3.4. Principal Component Analysis of Fruits of Selected L. caerulea Cultivars
The principal component (PCA) analysis was performed on the phytochemical profile components, anthocyanins, flavones, flavan-3-ols, flavonols, proanthocyanidins, and hydroxycinnamic acids. The three main derived principal components explained 78.82% of the total variance. The score plot model has shown good separation between the investigated cultivars of
L. caerulea. The PC1 was positively correlated with the amounts of identified anthocyanins, namely cyanidin (0.927), peonidin (0.956), cyanidin-3-glucoside (0.945), peonidin-3-glucoside (0.937), cyanidin-3-galactoside (0.915), cyanidin-3-rutinoside (0.836), cyanidin-3,5-diglucoside (0.799), and constituted 43.18%. The PC2 described 20.34% of the total variance and correlated positively with all the determined caffeoylquinic acids (0.675–0.918), procyanidin B1 (0.530). The PC3 accounted for 15.30% of the total variance and was well correlated with the amounts of procyanidin B1 (0.592) and flavonoid aglycones, namely apigenin, quercetin, (0.823, −0.958, respectively). The arrangements of score plots of investigated cultivars are shown in
Figure 2. The first segregated group included ‘Wojtek’, ‘Iga’, and ‘Tola’ cultivars. They all were characterized by the lowest amounts of anthocyanins, proanthocyanidins, rutin, isoquercitrin, dicaffeoylquinic acids, and lowest or average reducing and radical scavenging activities. On the other hand, this group was distinguished with the greatest amounts of luteolin-7-
O-glucoside, as well as, greatest fruit weight, and the highest score of appearance.
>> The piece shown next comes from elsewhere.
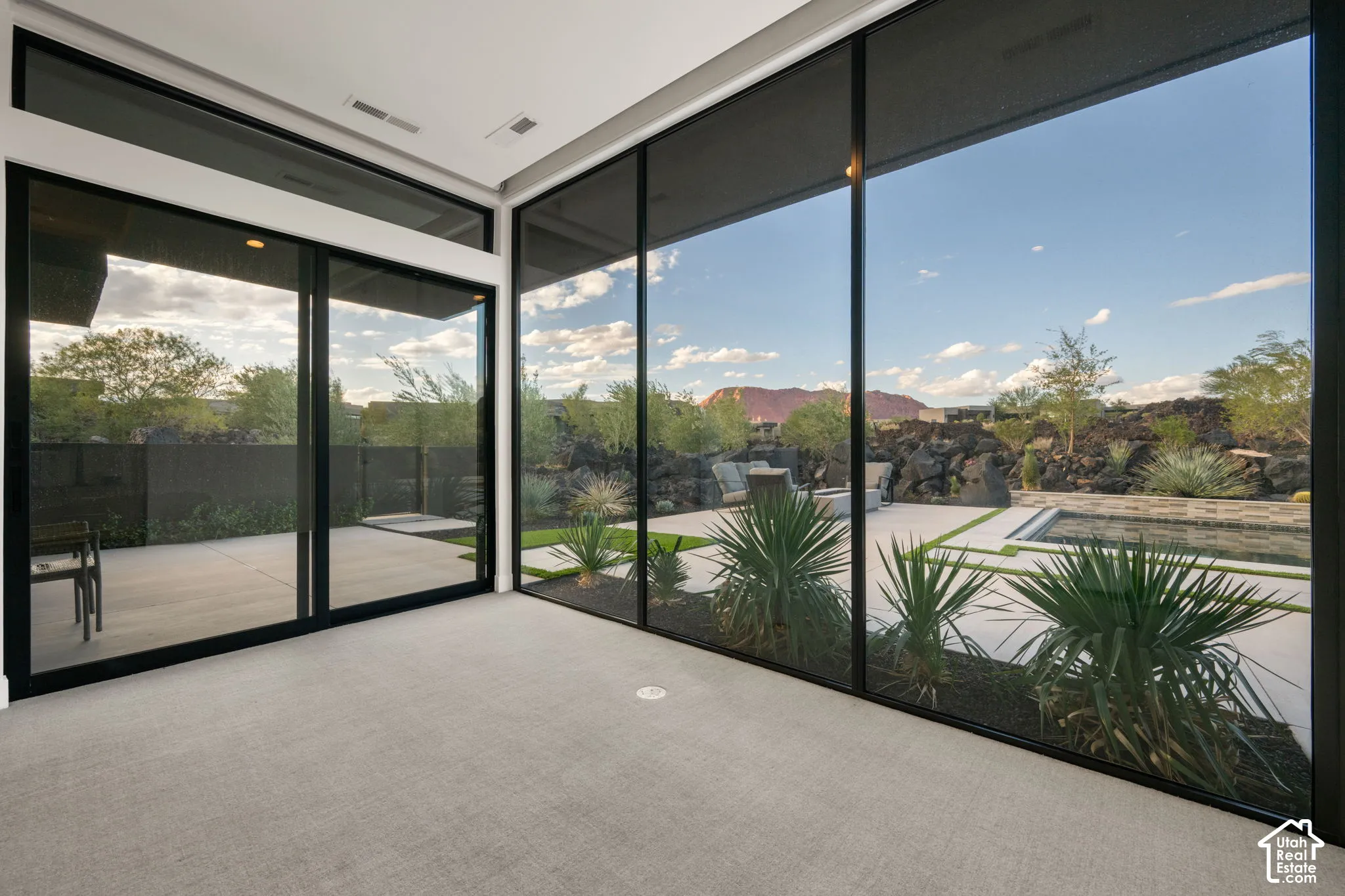 Floor-to-ceiling sliding glass walls, expansive concrete patio with built-in pool, and desert landscaping set against a mountain backdrop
The second group included ‘Indigo Gem’ and ‘Tundra’ cultivars. They possessed the greatest reducing activities in FRAP and above the average in CuPRAC assays, as well as high amounts of cyanidin-3-glucoside. Although, they had the lowest shrub height and fruit weight. Cultivars ’Leningradskij Velikan’, ‘Nimfa’, and ‘Amphora’ tended to be specific. Cultivar ‘Amphora’ distinguished with the highest amounts of anthocyanins and flavonol derivatives. Samples of the ‘Leningradskij Velikan’ cultivar were the richest in procyanidins, and flavonoid aglycones, namely apigenin, isorhamnetin. Both cultivars possessed high shrub width and the greatest density. Cultivar ‘Nimfa’ can be characterized by the greatest amounts of individual caffeoylquinic acids. The origin place of the cultivar determines the phytogeographical profile in a qualitative and quantitative manner. Numerous studies support information, that Russian cultivars contain higher amounts of phytochemicals [
3,
4,
17]. In our study, the PCA analysis on phenolics clearly defined the cultivars into groups in the relation to their origin. The lowest (
p < 0.05) total amounts of all groups of identified compounds, as well as, the lowest antioxidant capacities were determined for the Polish cultivars, namely ‘Wojtek’, ‘Iga’ and ‘Tola’. Genotype characterization resulted in the highest appearance and fruit weight scores. The Canadian cultivars ‘Indigo Gem’ and ‘Tundra’ were distinguished with the highest ferric reducing antioxidant power and low fruit weight. The Russian cultivars had the greatest anthocyanin contents and were specific in dominant phenolics of different chemical groups.